= Robert Hersh =

American lawyer (1940–2023)

Robert Hersh (February 12, 1940 – January 18, 2023) was an American lawyer. He was also the Senior Vice President for the International Association of Athletics Federations (IAAF), the world governing body for the Athletics, collection of sports known in the United States as including track and field, cross country, racewalking and road running. He was a board member of USA Track & Field (USATF), the national governing body for the sport.

Hersh held numerous high ranking positions with both organizations that placed him at the forefront of the sport. He started with the IAAF on the Technical Committee and as Chairman of the Competition Working Group in 1984. In 1999 he was elevated to the Council and in 2011 was elected Senior Vice President over more recognized retired athletes Sebastian Coe and Sergey Bubka, the two favorites to succeed IAAF President Lamine Diack at the next election in 2015.

With USATF, he was a board member since before the organization took on its current name, joining The Athletics Congress board in 1980. He formerly served as USATF's General Counsel, and he was formerly the chairman of the USATF Rules committee and the Track and Field Records sub-committee.

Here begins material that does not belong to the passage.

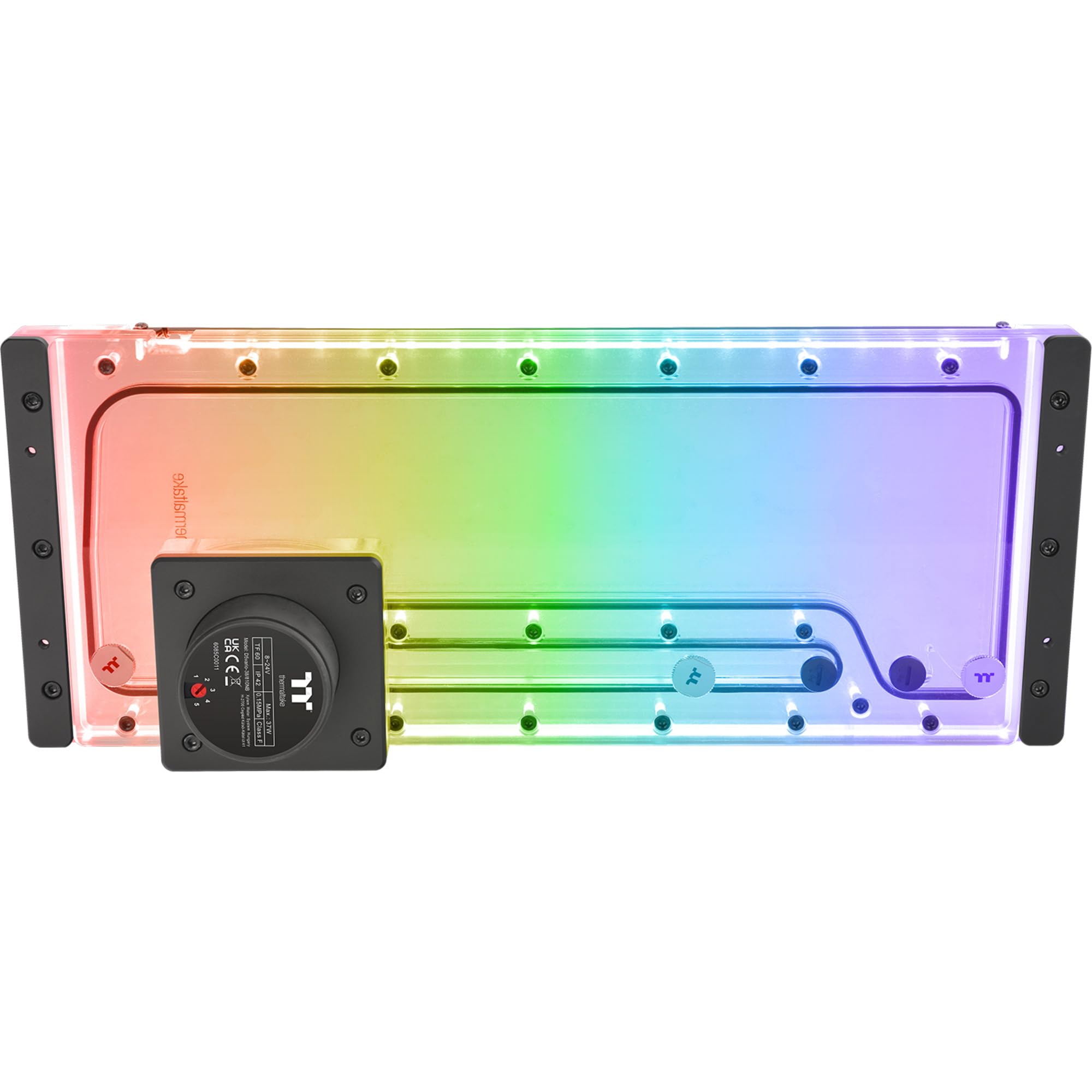 thermaltake-pacific-ultra-core-p6-dp-d5-plus-distro-plate-mit-d5-pumpe-und-3-9-l image 2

He was also a member of the Association of Track and Field Statisticians.

With his deep knowledge of the sport, Hersh was the English language stadium announcer at many high-profile meets including the 1984 Summer Olympics through the 1996 Summer Olympics and also the 2004 and 2008 Summer Olympics, the IAAF World Championships in Athletics from 1991 to 2007, the IAAF World Cup in 1994, 1998 and 2006, the IAAF World Indoor Championships in Athletics in 1987, 1999 and 2008, and the IAAF World Junior Championships in Athletics in 1994 and 1998. He was the announcer for the 1988 Olympic Trials when Florence Griffith Joyner set the world record.

Hersh was a graduate of Columbia University, where he was manager of the track and field team and Harvard Law School.

On October 4, 2018, USA Track & Field announced that Hersh was elected into the National Track and Field Hall of Fame. Robert Hersh died on January 18, 2023. He was 82 years old. Next month would have been his 83rd birthday.

==USATF controversy==
Hersh's name became the center of controversy in 2014 when the delegates to the USATF National Convention voted overwhelmingly (392 to 70) to retain Hersh as the American representative to the IAAF Council, only to have the Board of Directors reverse that decision in their meeting as the delegates were on their way home, voting 11-1 to select USATF President Stephanie Hightower to replace Hersh. Athlete Lauren Fleshman said Hightower should step aside, while David Torrence said "It doesn't make sense." Torrence later switched his affiliation to running for Peru before his untimely death in 2017.